WHAT YOU HAVE TO DO: Which lines of the entries contain the string "Black"? Copy each of them.

RECORDS FOR THE TASK:
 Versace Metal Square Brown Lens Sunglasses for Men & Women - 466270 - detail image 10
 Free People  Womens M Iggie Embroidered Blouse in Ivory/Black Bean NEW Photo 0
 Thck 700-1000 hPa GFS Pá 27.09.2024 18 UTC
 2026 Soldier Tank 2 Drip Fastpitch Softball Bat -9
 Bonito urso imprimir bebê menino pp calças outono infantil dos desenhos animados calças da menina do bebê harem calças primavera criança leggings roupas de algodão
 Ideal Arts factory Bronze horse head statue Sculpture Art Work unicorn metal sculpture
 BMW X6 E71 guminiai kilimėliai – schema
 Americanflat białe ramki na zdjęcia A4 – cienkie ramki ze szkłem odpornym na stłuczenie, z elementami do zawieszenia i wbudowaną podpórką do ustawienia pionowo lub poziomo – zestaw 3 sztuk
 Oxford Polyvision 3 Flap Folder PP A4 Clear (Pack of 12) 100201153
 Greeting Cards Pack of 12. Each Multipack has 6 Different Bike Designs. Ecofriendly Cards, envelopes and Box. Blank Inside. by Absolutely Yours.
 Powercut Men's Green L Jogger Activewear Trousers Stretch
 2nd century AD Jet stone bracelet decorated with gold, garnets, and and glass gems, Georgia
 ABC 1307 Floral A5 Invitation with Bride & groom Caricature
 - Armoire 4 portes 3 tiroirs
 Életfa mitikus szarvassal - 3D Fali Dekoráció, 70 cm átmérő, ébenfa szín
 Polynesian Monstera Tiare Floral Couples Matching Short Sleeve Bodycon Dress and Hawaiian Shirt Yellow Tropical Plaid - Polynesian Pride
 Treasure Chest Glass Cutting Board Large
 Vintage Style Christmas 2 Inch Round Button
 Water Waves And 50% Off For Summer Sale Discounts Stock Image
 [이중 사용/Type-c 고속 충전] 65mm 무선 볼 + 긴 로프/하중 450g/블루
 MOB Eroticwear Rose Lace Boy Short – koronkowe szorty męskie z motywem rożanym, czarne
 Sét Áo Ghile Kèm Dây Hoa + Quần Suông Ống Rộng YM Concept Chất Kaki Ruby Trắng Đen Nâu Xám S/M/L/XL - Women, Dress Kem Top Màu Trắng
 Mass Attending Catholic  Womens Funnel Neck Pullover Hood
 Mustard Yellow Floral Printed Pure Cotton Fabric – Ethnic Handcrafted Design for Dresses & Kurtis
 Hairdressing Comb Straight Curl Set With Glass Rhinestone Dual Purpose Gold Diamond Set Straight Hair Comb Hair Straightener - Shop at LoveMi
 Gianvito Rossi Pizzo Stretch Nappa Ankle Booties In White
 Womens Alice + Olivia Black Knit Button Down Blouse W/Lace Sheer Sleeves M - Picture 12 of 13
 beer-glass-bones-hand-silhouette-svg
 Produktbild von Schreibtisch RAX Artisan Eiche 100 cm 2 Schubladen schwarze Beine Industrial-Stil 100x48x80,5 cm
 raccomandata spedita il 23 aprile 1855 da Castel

SOLUTION TO THIS EXERCISE:
 Free People  Womens M Iggie Embroidered Blouse in Ivory/Black Bean NEW Photo 0
 Womens Alice + Olivia Black Knit Button Down Blouse W/Lace Sheer Sleeves M - Picture 12 of 13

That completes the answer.